• _WHAT IS REQUIRED_: Type out the lines below exactly, pictures excluded.

• _SOURCE DATA_:
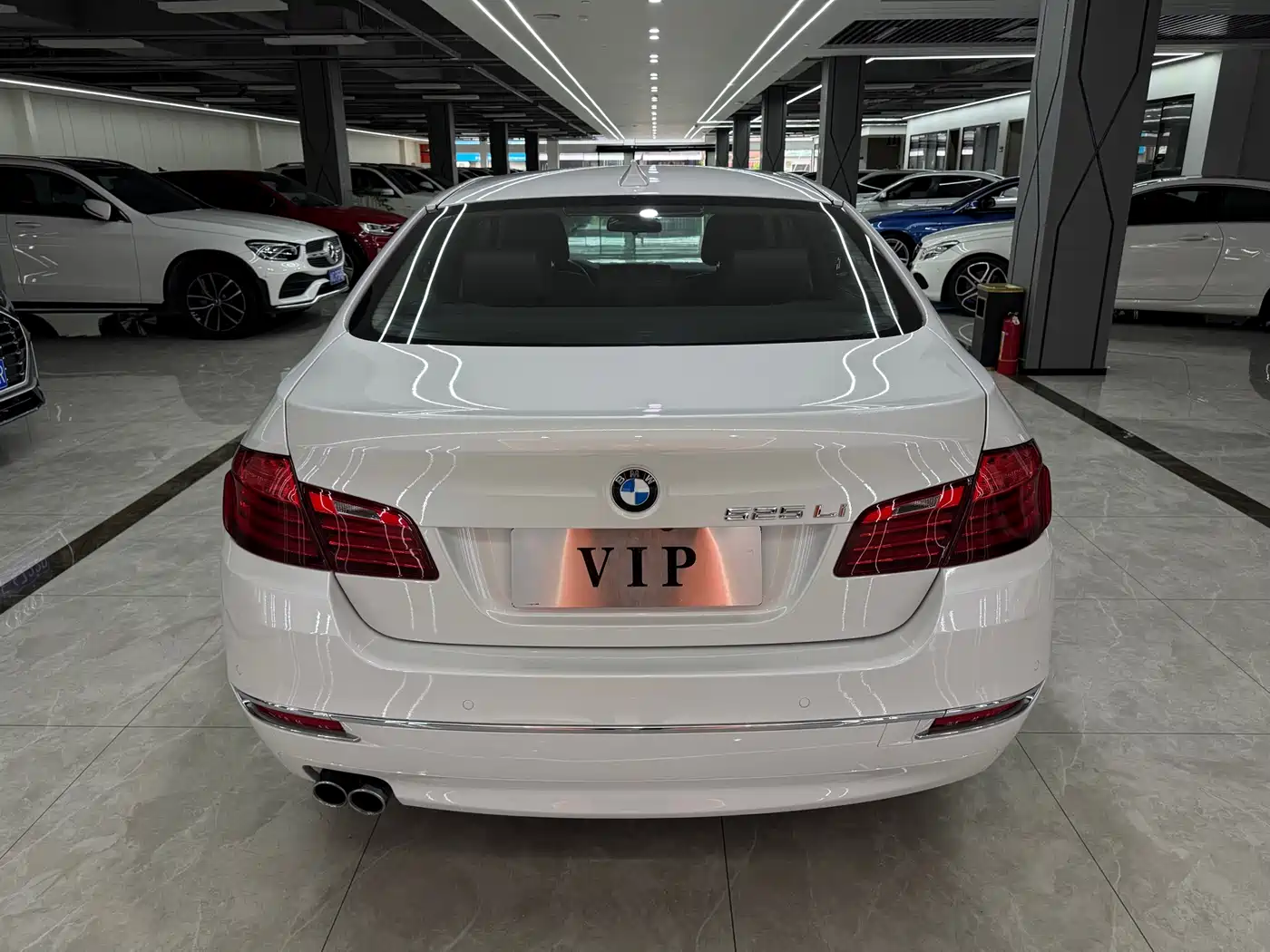 BMW 5 Series 2014 525Li Luxury Design Package фото 5
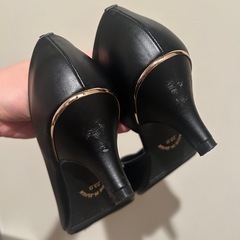 使用1度のみ★サイズ23cm/高6cmヒール の画像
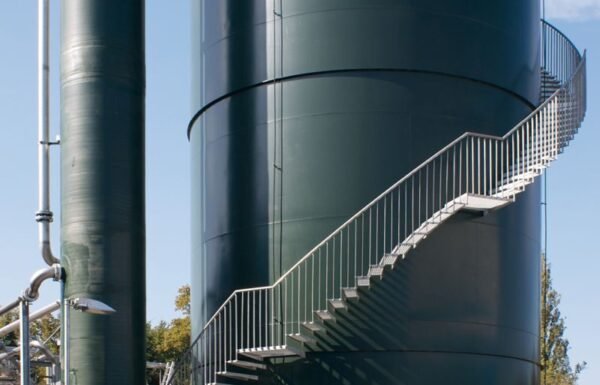 ipari-es-karbantarto-lepcsok-csigalepcsok-tartalykopeny-lepcsok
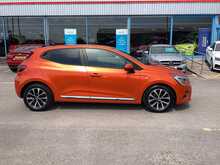 Renault Clio SCe Iconic - U44519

• _RESPONSE_:
 BMW 5 Series 2014 525Li Luxury Design Package фото 5
 使用1度のみ★サイズ23cm/高6cmヒール の画像
 ipari-es-karbantarto-lepcsok-csigalepcsok-tartalykopeny-lepcsok
 Renault Clio SCe Iconic - U44519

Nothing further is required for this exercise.